On a sweltering Saturday afternoon in mid-July, I dropped back the latest batch of books that I had taken out from my local library and checked out “Station Eleven”. I devoured it by early Sunday evening! After 99.9% of the world’s population was killed with a lethal dose of the flu, the remaining survivors had to slowly pick up the pieces. “Station Eleven” was “Mad Max” meets “28 Days Later” with a strong environmental message – that we need to save the earth before it is too late. Two of the main characters were Arthur and Clark in a neat homage to Arthur C. Clarke’s “2001 A Space Odyssey”. Despite the dystopian message, I also read it as a paean to the “spectacular world” that we have created.
I interpreted “Station Eleven” as praise for the role that art and history played, and continue to play, in the world. The book opened with Arthur dying on-stage as he was performing in his play. His career passed into immortality as he died. There were frequent references to Shakespeare. In the “New World,” as it was called, people were desperate to rekindle the culture of old. The Bard was viewed as a writer of the pre-technological era which emphasised the concept of how timeless his work was. Writing with a simple pen and paper gleaned from the earth, he uncovered a number of universal truths about the human condition.
Francois Diallo began recording interviews with people in the New World and circulated a newspaper.

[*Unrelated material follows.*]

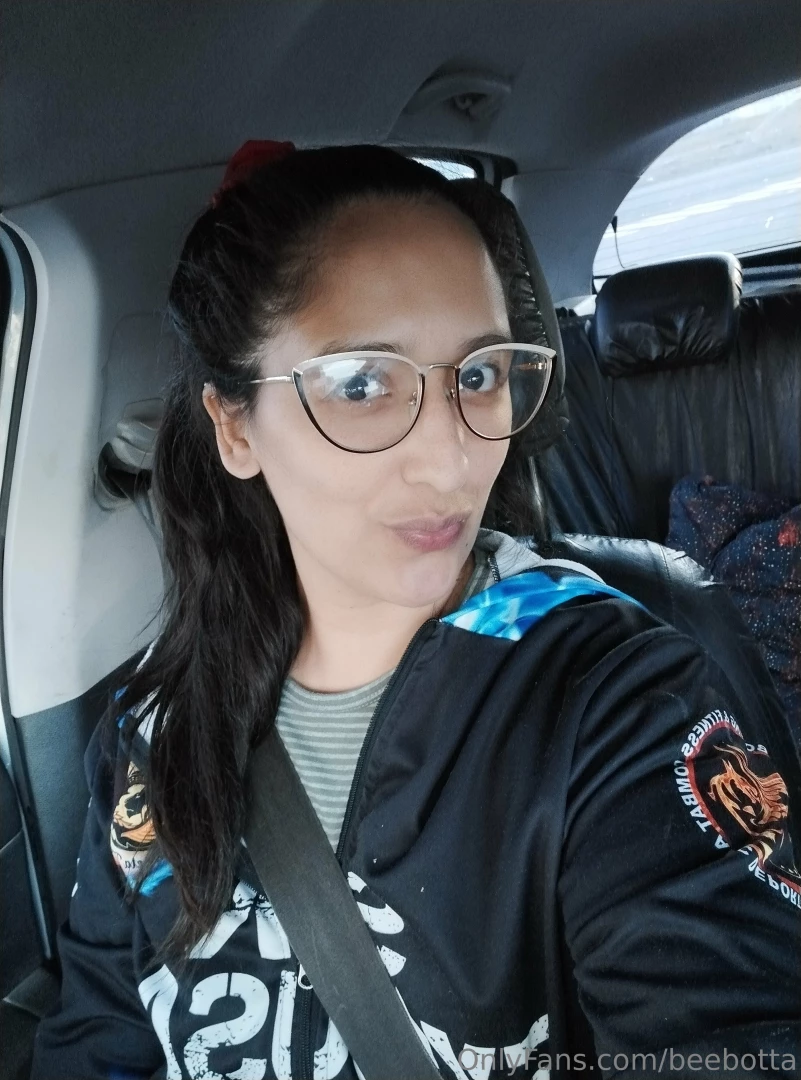 This sweet girl wishes you a happy friday 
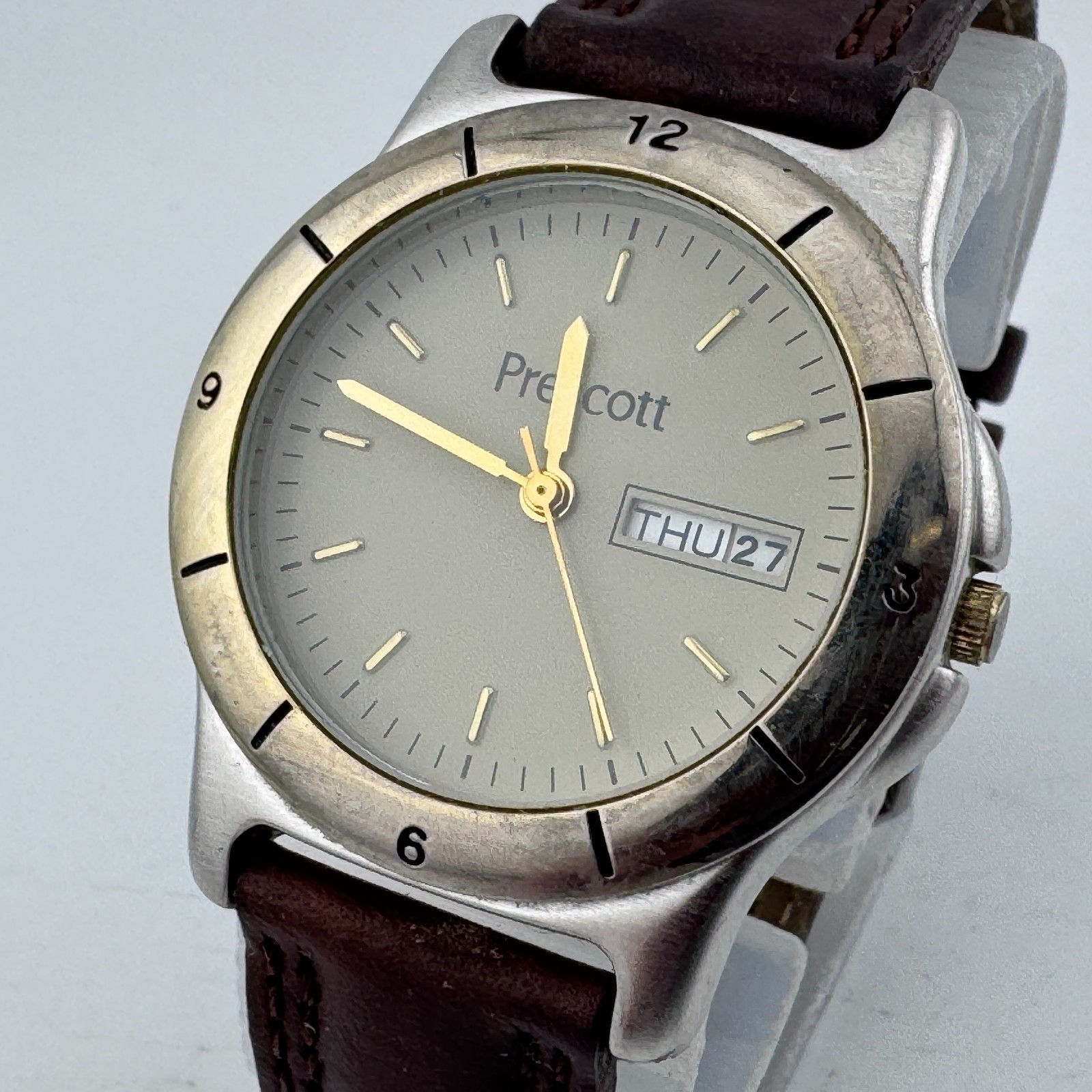 VTG Prescott Quartz Watch Men Dual Tone Fixed Bezel Leather Day Date New Battery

The study of history became a bedrock of how the New Society began to collectively regenerate itself, reminding us of how the initial printing press in the fifteenth century was a vehicle for social change that resulted in the communication of ideas and concepts. The thought of this type of mass communication not being possible in the future is terrifying, especially for a society that takes advantage of these benefits. Think of when Clarke created a museum in Severn City Airport and how it was further evidence of how people found it essential to chronicle our past with as much fastidious attention to detail as possible. Recording our story was, and is, crucial to our evolution.
When August and Kirsten were separated from the Travelling Symphony, “August searched for a TV guide or poetry”. This was at a critical juncture when searching for food to survive would have been more important. Even in this perilous state, the people looked for any vestige of the past to cling onto. The very notion of the Travelling Symphony, a band of musicians and poets travelling together in a world still rebuilding itself, spoke volumes for the need for culture and art in the New World.

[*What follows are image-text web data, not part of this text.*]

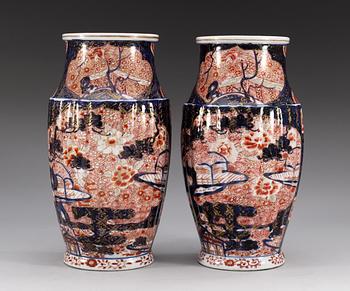 945. VASER, ett par, porslin. Japan, Meiji.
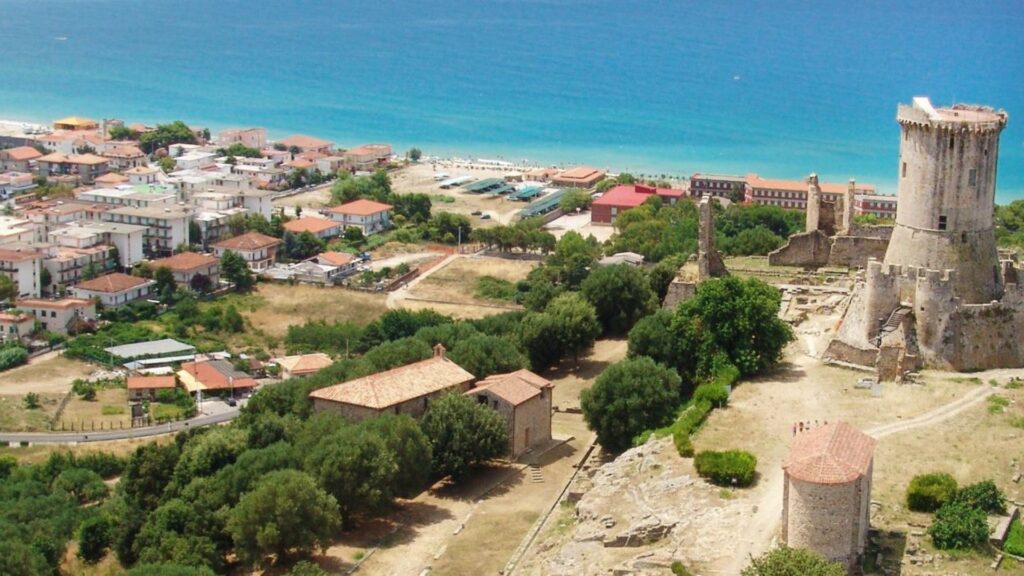 Riabitare il Sud, la sfida demografica di Ascea parte dal mare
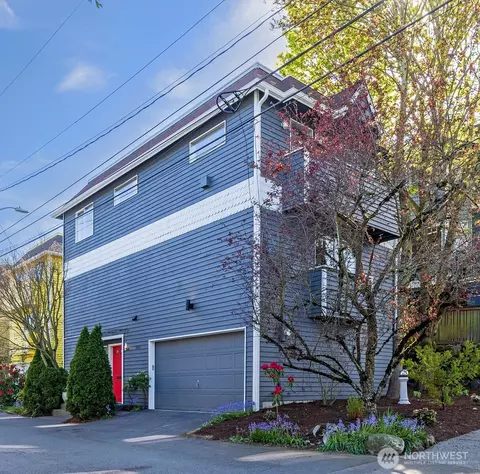 Exterior - 1811 E Pike St, Seattle, WA 98122 photo 2 of 6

The symbol of the paperweight was revealing. Miranda and Kirsten both cherished and protected it. Arthur wrote unrequited letters to an old friend in a throwback to a more simpler mode of communication in the past. The wafer-thin lines between art, life and death were breached throughout, especially when Miranda was about to pass away, “She opened her eyes to see the sunrise. A wash of violent colour, pink and streaks of brilliant orange, the container ships on the horizon suspended between the blaze of the sky and water aflame, the seascape bleeding into confused visions of Station Eleven”. Layered in the adherent pulchritude of Mandel’s prose was the notion of Miranda being unable to differentiate between her own artistic creation and real life. Similar to when Arthur died. The comic book Station Eleven was important. Dr Eleven was the rationale for the Prophet’s violence in the new era.

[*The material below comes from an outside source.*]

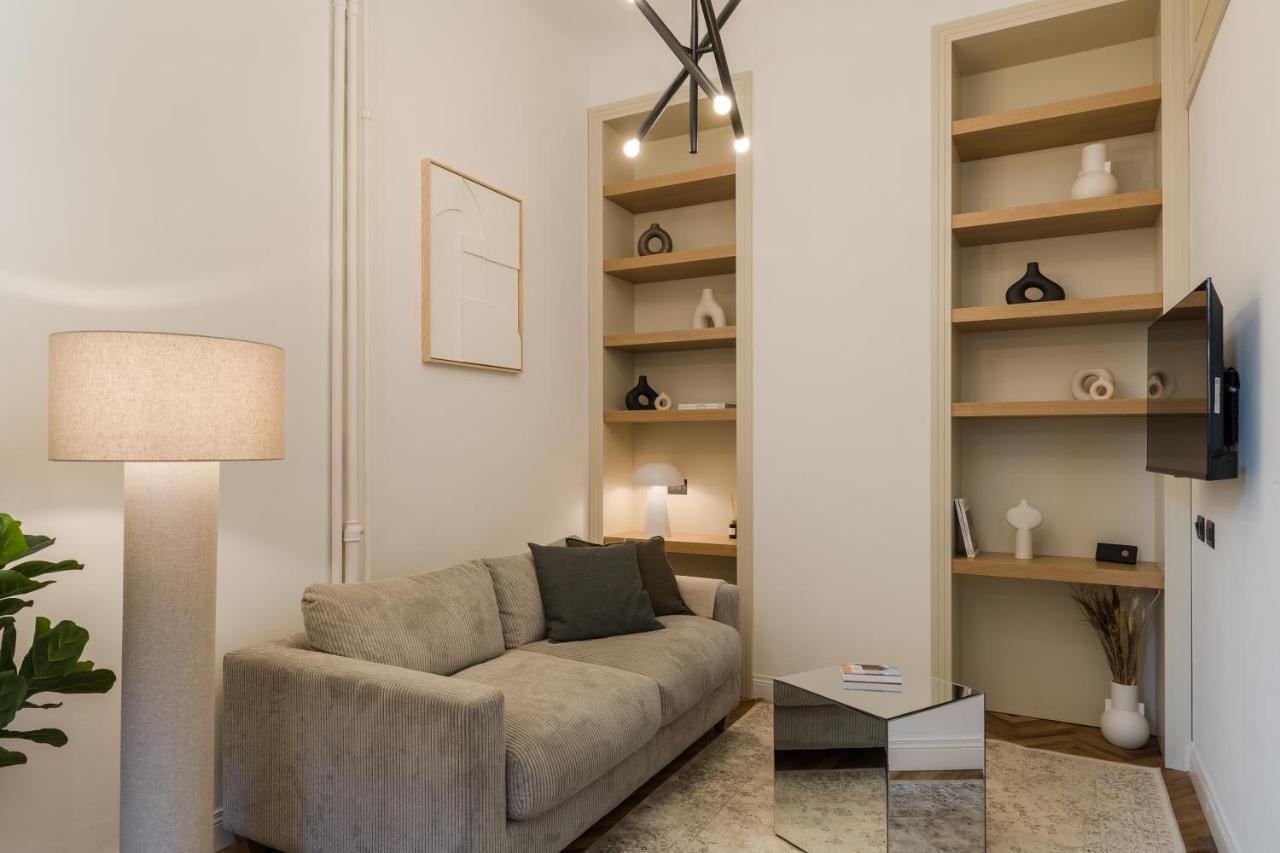 Casa Unica - Elegant With Balcony - Centrale 1 Milano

The most interesting design in “Station Eleven” was contained in the tattoo Kirsten had on her arm, “because survival is insufficient”. The slogan surfaced on countless occasions and it was captivating to reflect on. If history is an attempt, however vain and biased, to evaluate our previous actions as a species, then what is art? It is a vital, genetic urge, dating back as far as we can record in human history, to communicate our inner thoughts with each other. Art is history. Taken further, art was critical to our evolution as a species. In its most constituent sense, it was a building block on which we critiqued the way we lived as a species. Art is a pillar of evolution itself. A form of language and a fundamental mode of communication between us that permits us to learn, change, grow and evolve. This is the central concept in “Station Eleven”. It is not just enough to survive.
After Jeevan had desperately hounded Miranda after a late night, she revealed some humanity by talking to him, which was slammed back in her face when he photographed her in a vulnerable state. This led him to conclude that “the whole entertainment journalist idea thing had been a mistake”. Elsewhere, the paparazzi are described as “fucking parasites”. Yet, there is one sense in which the whole image of this culture might just be worthwhile. In the New World, celebrity gossip magazines were used as valuable historical artefacts to evaluate how we lived. In the airport at the beginning of the New World, a couple irritated Clark by desiring to Tweet about being with Arthur Leander’s kid when their very survival was in jeopardy.
“Station Eleven” was a first-rate, post-apocalyptic future-Noire thriller that read like a sharp jolt of electricity in my mind. Never have we have it so good and yet we are absolutely hell-bent on the anthropogenic annihilation of our planet. Peering into our doomed future has immediate lessons for our present. As Elizabeth said to Arthur in the airport, “Are we supposed to believe that civilisation has just come to an end?” to which he responded, “Well…it was always a little fragile wouldn’t you say?” Quite.